Daeng Manye Perkuat Ketahanan Pangan dan Lingkungan Lewat Kawasan Pendidikan Agroekologi

MAKASSAR,Witanews.com – Komitmen Bupati Takalar, Ir. H. Mohammad Firdaus Daeng Manye, dalam membangun daerah yang mandiri, tangguh, dan berkelanjutan terus diwujudkan melalui langkah-langkah strategis. Salah satu upaya terbaru adalah memperkuat ketahanan pangan dan pelestarian lingkungan dengan mendorong pengembangan Kawasan Pendidikan Agroekologi di Kabupaten Takalar.
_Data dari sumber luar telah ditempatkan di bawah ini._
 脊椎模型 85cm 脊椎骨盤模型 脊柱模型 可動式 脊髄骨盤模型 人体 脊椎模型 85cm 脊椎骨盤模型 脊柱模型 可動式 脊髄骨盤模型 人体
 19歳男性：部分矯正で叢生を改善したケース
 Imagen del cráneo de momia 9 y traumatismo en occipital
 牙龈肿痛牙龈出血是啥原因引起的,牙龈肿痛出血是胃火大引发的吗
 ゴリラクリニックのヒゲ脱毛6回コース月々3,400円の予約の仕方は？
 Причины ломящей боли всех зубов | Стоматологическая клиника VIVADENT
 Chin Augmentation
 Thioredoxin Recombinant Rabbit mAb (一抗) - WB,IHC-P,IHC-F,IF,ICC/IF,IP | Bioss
Komitmen tersebut mengemuka dalam pertemuan strategis Bupati Takalar bersama Ketua Kemitraan Agroekologi, Armin Salassa, dan Sekretaris Jenderal Kemitraan Agroekologi, Ade Nining, di Makassar, Kamis (25/6/2026). Pertemuan itu difokuskan untuk mematangkan konsep pengembangan kawasan yang akan menjadi pusat pembelajaran sekaligus praktik pertanian berkelanjutan berbasis desa.

Pengembangan Kawasan Pendidikan Agroekologi merupakan tindak lanjut dari serangkaian tahapan yang telah dilaksanakan secara sistematis, mulai dari workshop kebijakan pengembangan agroekologi, survei dan asesmen lokasi, hingga penyusunan modul pendidikan serta blueprint pengelolaan kawasan.

Nantinya, desa yang ditetapkan sebagai Kawasan Pendidikan Agroekologi akan menjadi laboratorium hidup yang mengintegrasikan tiga program strategis, yakni Program Kampung Iklim (ProKlim), Program Desa Berketahanan Pangan, dan Pertanian Cerdas Iklim (Climate-Smart Agriculture).

Melalui konsep tersebut, masyarakat desa tidak hanya didorong meningkatkan produktivitas pertanian, tetapi juga diajak menerapkan sistem budidaya yang ramah lingkungan, adaptif terhadap perubahan iklim, serta mampu menjaga keberlanjutan sumber daya alam.

Menariknya, program ini juga menjadi bentuk sinergi antara Pemerintah Kabupaten Takalar dengan agenda nasional yang melibatkan Kementerian Lingkungan Hidup, Kementerian Desa, dan Kementerian Pertanian. Integrasi tersebut diharapkan mampu mempercepat pembangunan desa berbasis agroekologi sekaligus memperkuat ketahanan pangan dari tingkat lokal.

Untuk mendukung keberhasilan program, Pemerintah Kabupaten Takalar akan menggandeng Dinas Lingkungan Hidup Provinsi Sulawesi Selatan serta Balai Pengendalian Perubahan Iklim (PPI) dan Kebakaran Hutan dan Lahan (KHL) Wilayah Sulawesi. Kolaborasi ini bertujuan memperkuat pendampingan teknis, pengembangan Program Kampung Iklim, serta implementasi berbagai strategi adaptasi dan mitigasi perubahan iklim di Kabupaten Takalar.

Langkah tersebut selaras dengan visi pembangunan Daeng Manye yang menempatkan sektor pertanian sebagai pilar utama pembangunan ekonomi daerah. Melalui pendekatan agroekologi, Takalar diarahkan untuk membangun sistem pertanian yang produktif, sehat, berdaya saing, dan tetap menjaga keseimbangan lingkungan.

Selain memperkuat ketahanan pangan, pengembangan Kawasan Pendidikan Agroekologi juga diyakini mampu membuka peluang ekonomi baru melalui pengembangan eduwisata pertanian, peningkatan kapasitas petani, hingga lahirnya inovasi-inovasi berbasis pertanian berkelanjutan.

Setelah seluruh tahapan persiapan dan workshop selesai dilaksanakan, program akan memasuki fase self-monitoring guna memastikan setiap praktik agroekologi berjalan secara konsisten dan memberikan dampak nyata terhadap penurunan emisi gas rumah kaca (GRK), pelestarian lingkungan hidup, serta peningkatan kesejahteraan masyarakat.

Dengan kolaborasi yang semakin kuat antara pemerintah, akademisi, komunitas, dan berbagai pemangku kepentingan, Kabupaten Takalar optimistis mampu menjadi salah satu daerah percontohan pembangunan hijau dan pusat pengembangan pendidikan agroekologi di Sulawesi Selatan, sekaligus memperkuat fondasi ketahanan pangan yang berkelanjutan untuk masa depan.